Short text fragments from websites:
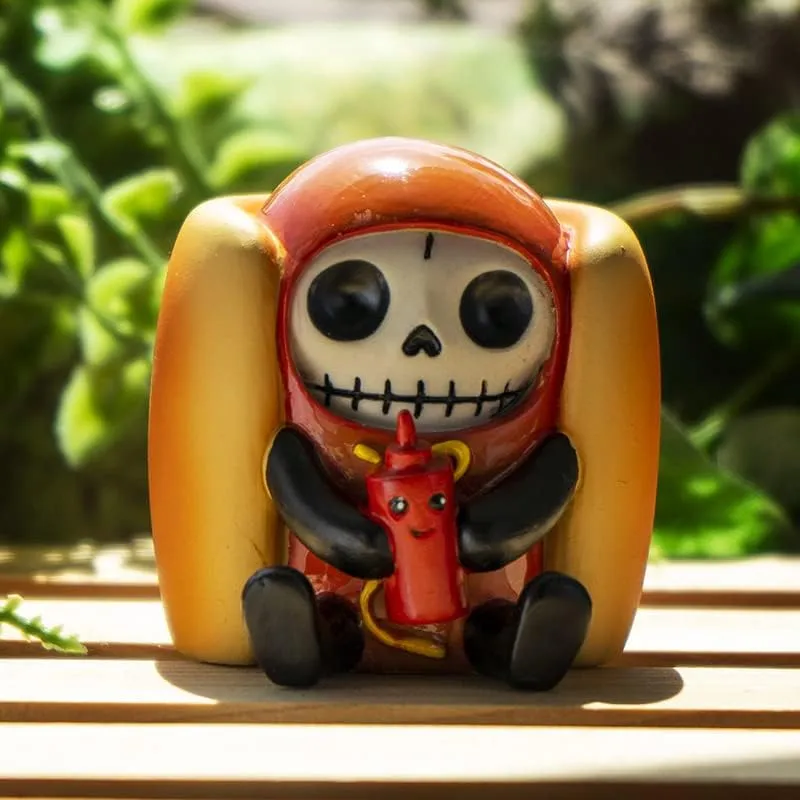 Furrybones - Frank Skeleton Hotdog Complete With His Very Own Ketchup Bottle In Hand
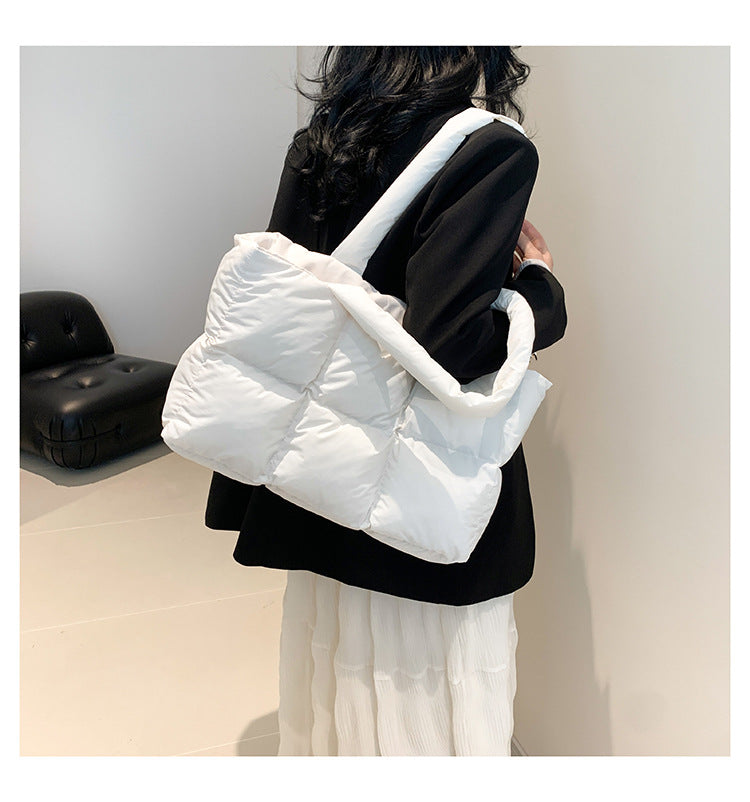 Women’s Quilted Waterproof Tote Shoulder Bag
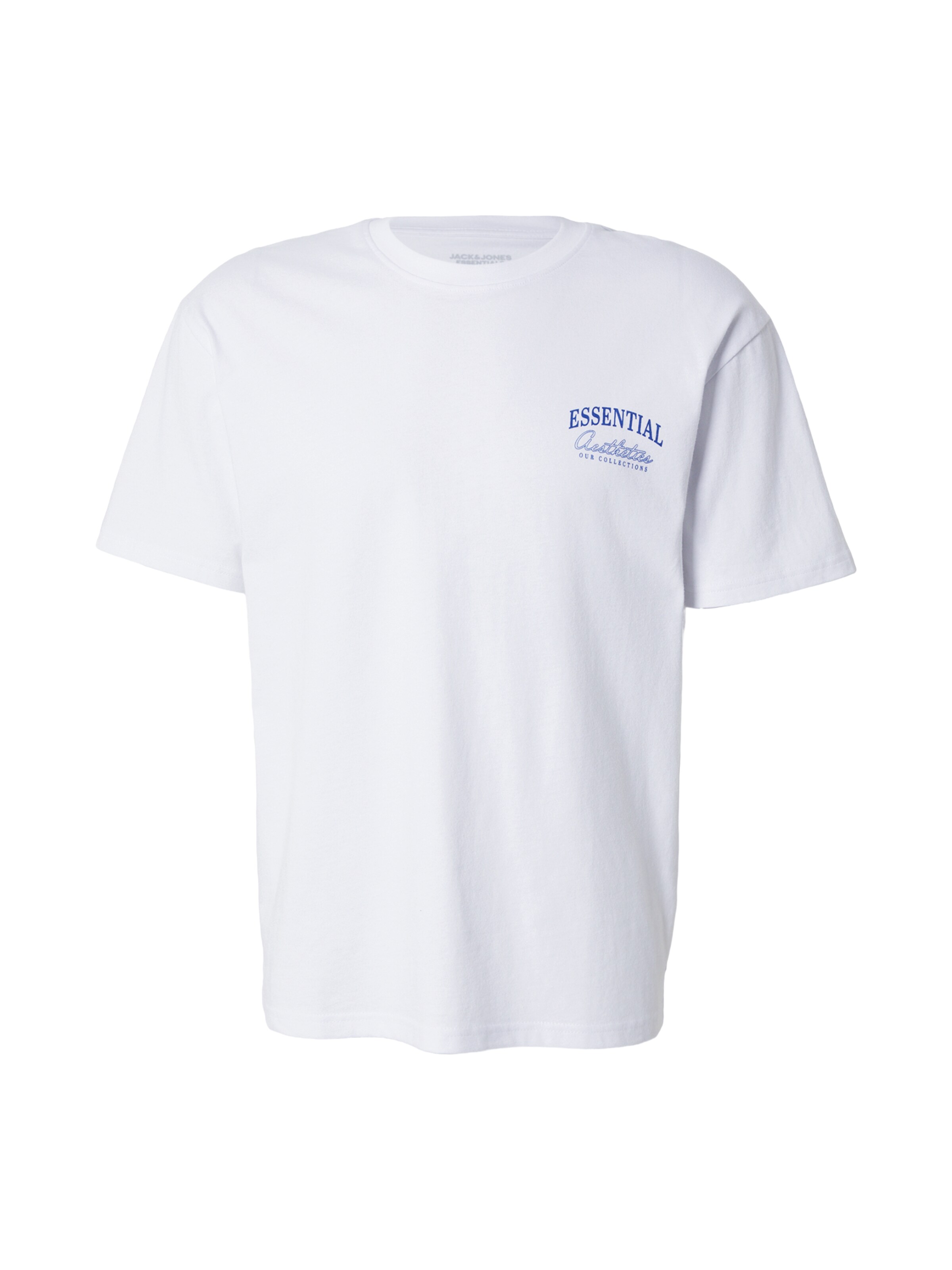 JACK & JONES Shirt 'JJEORGANIC STUDIO' in S in de kleur Ultramarine blauw / Wit, Productweergave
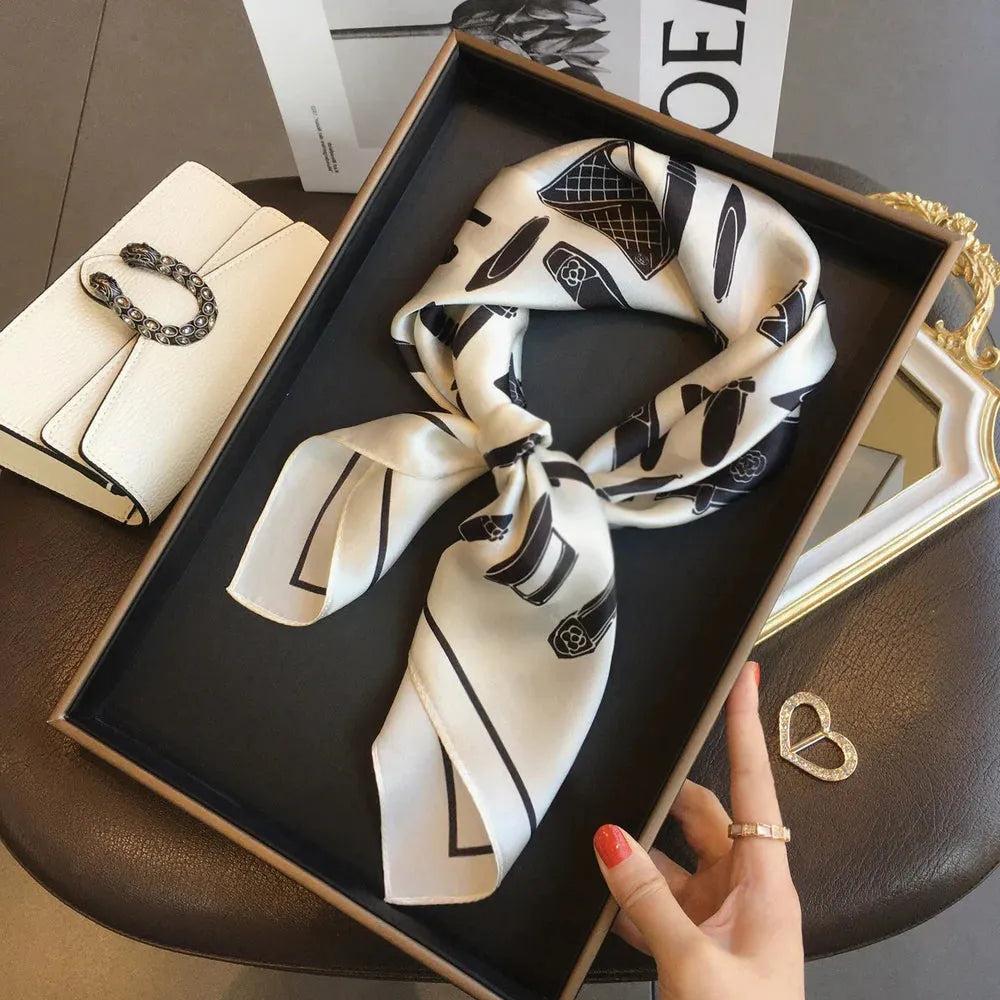 Foulard carré de soie 70 - Esprit Couture-Maison Berettini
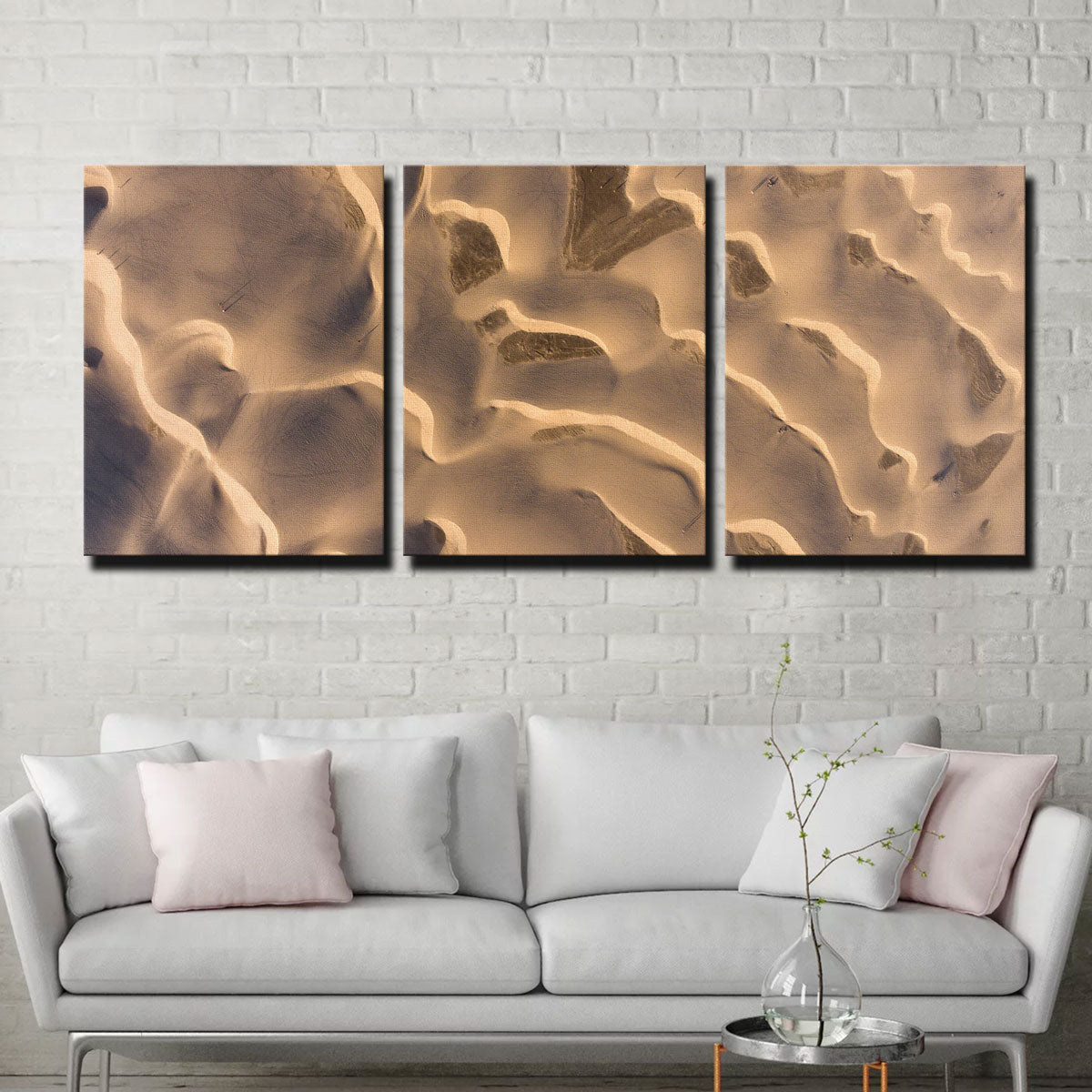Stunning Sandy Waves Wall Art by Karolis Janulis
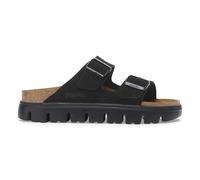 Mules femme Birkenstock Arizona Platform Suede Leather Noir 37 Étroit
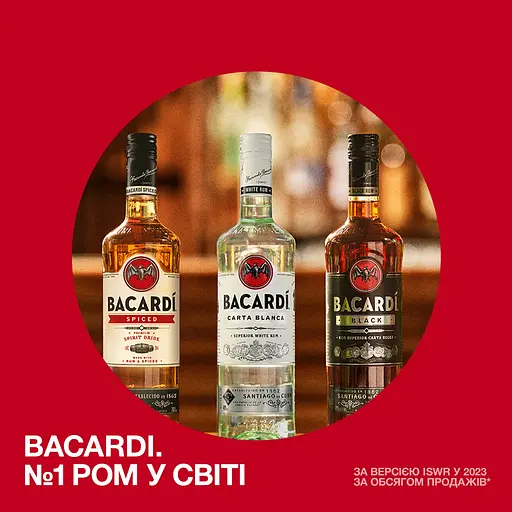 Спиртний напій на основі рому Bacardi Spiced 40% (2 шт. х 1 л) - фото 5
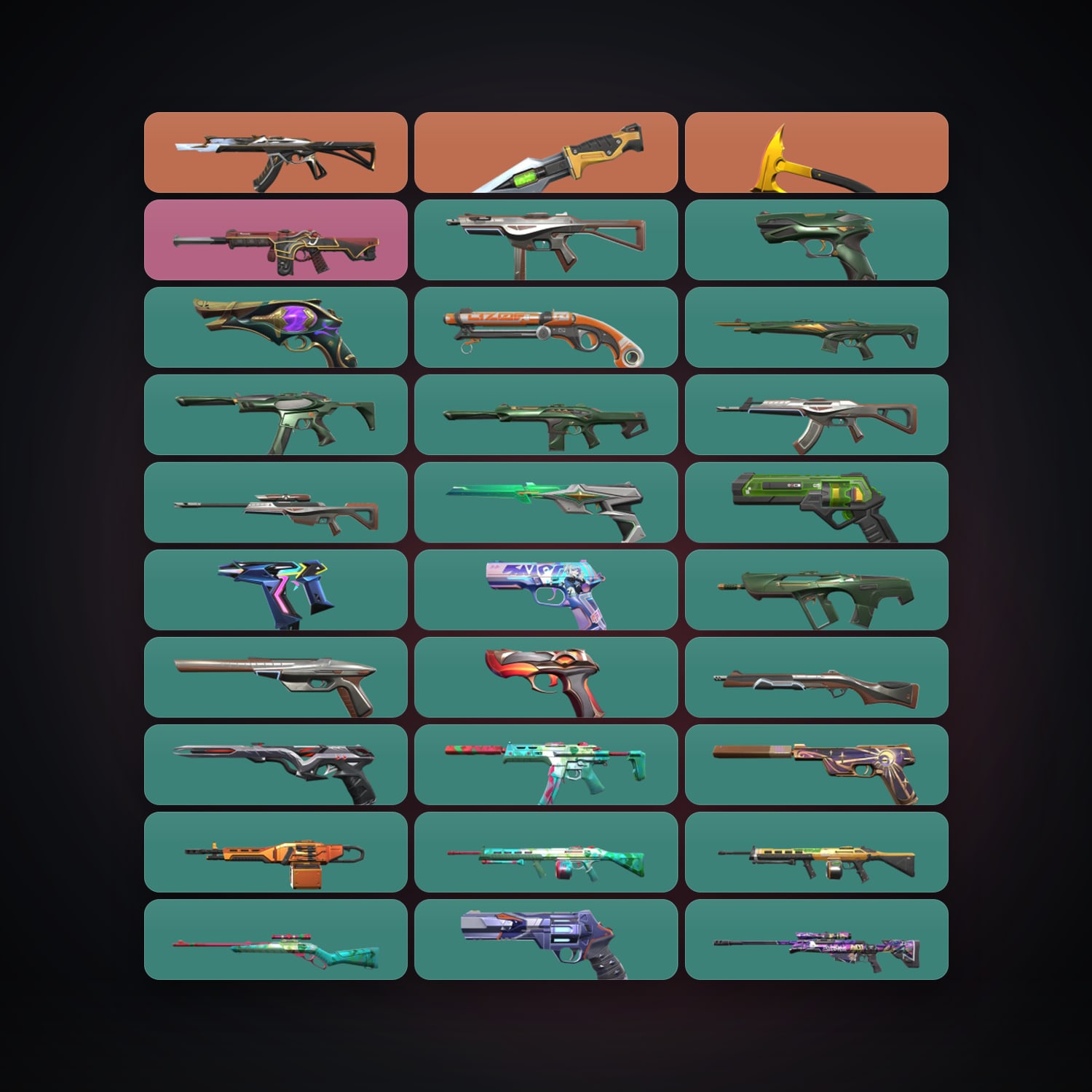 AP Gold 1 locker — 2 knives, 43 skins, lvl 245 — HabibiAccounts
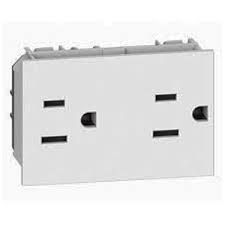 BT LIVING NOW TOMA DOBLE POLARIZADO BLANCO KW4188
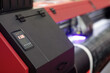 © gen_A - control panel of large format UV roll printer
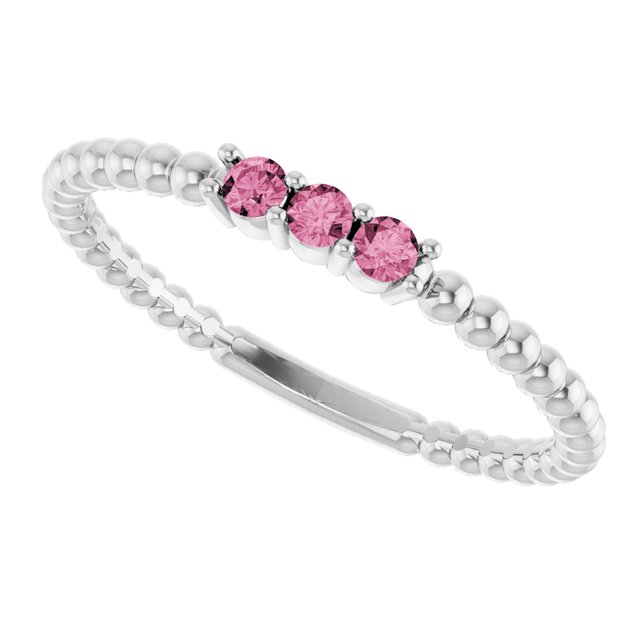 14k-white-natural-pink-tourmaline-beaded-ring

**Task prompt**
Give again, word for word, the lines from the one containing "Stunning Sandy Waves" through the last line of the entries, with pictures omitted and nothing added.

**Reply**
Stunning Sandy Waves Wall Art by Karolis Janulis
 Mules femme Birkenstock Arizona Platform Suede Leather Noir 37 Étroit
 Спиртний напій на основі рому Bacardi Spiced 40% (2 шт. х 1 л) - фото 5
 AP Gold 1 locker — 2 knives, 43 skins, lvl 245 — HabibiAccounts
 BT LIVING NOW TOMA DOBLE POLARIZADO BLANCO KW4188
 © gen_A - control panel of large format UV roll printer
 14k-white-natural-pink-tourmaline-beaded-ring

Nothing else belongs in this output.